__WHAT YOU SHOULD DO__.
Copy each line below word for word and drop every image.

__DATA EXTRACT__.
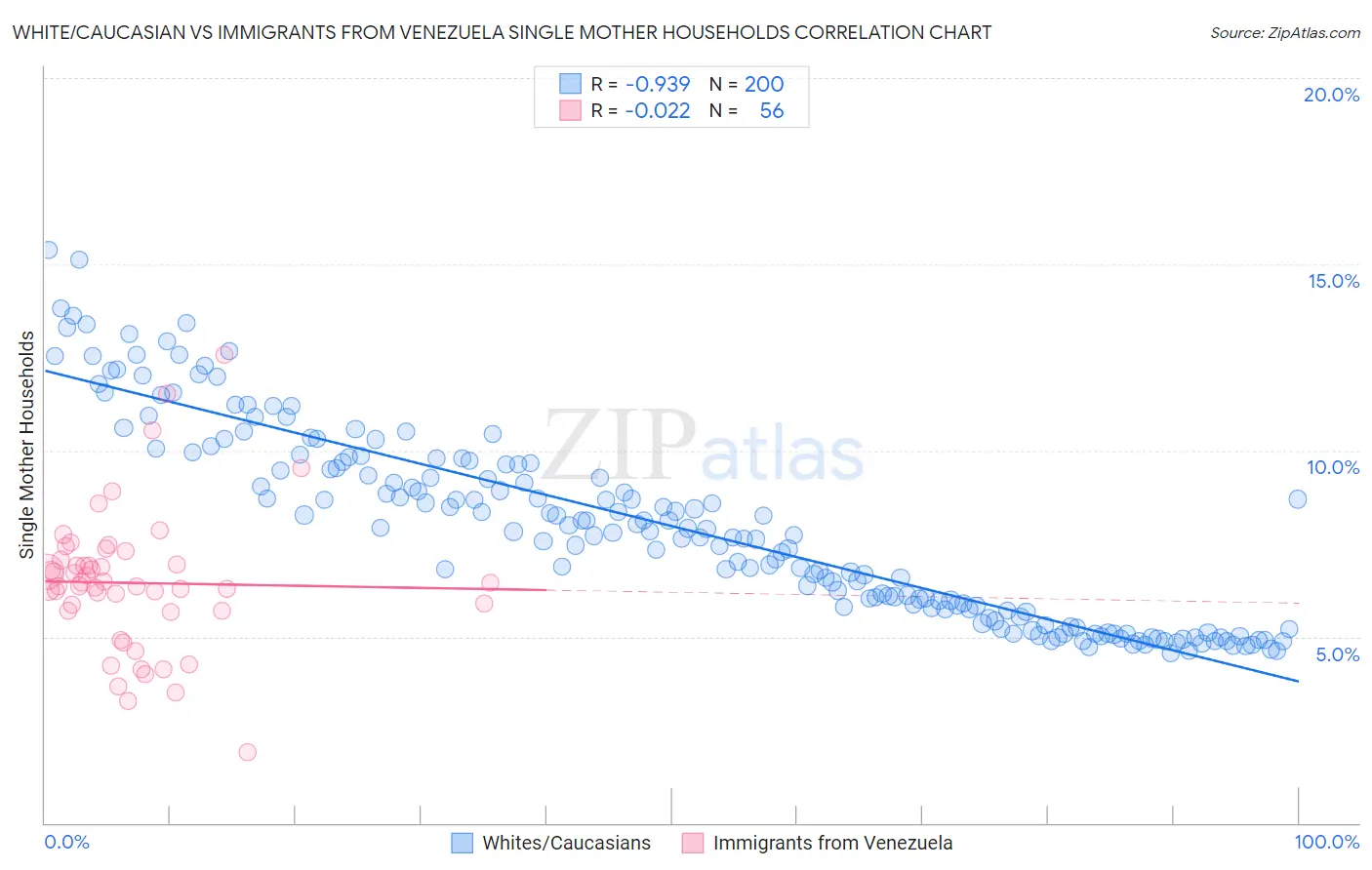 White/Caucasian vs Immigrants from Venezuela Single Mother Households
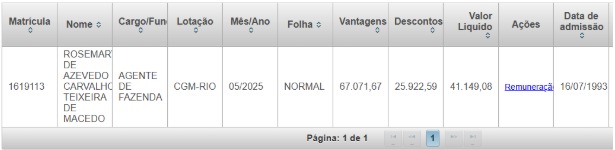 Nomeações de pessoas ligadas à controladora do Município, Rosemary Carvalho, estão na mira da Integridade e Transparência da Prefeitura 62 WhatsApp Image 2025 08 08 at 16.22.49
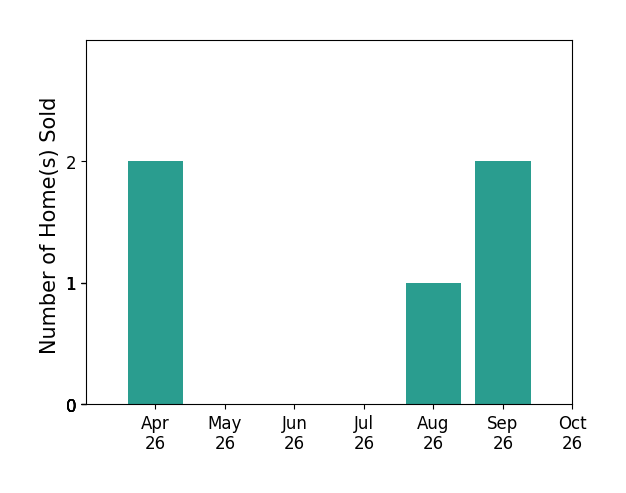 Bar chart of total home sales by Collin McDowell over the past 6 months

__RESPONSE AREA__.
 White/Caucasian vs Immigrants from Venezuela Single Mother Households
 Nomeações de pessoas ligadas à controladora do Município, Rosemary Carvalho, estão na mira da Integridade e Transparência da Prefeitura 62 WhatsApp Image 2025 08 08 at 16.22.49
 Bar chart of total home sales by Collin McDowell over the past 6 months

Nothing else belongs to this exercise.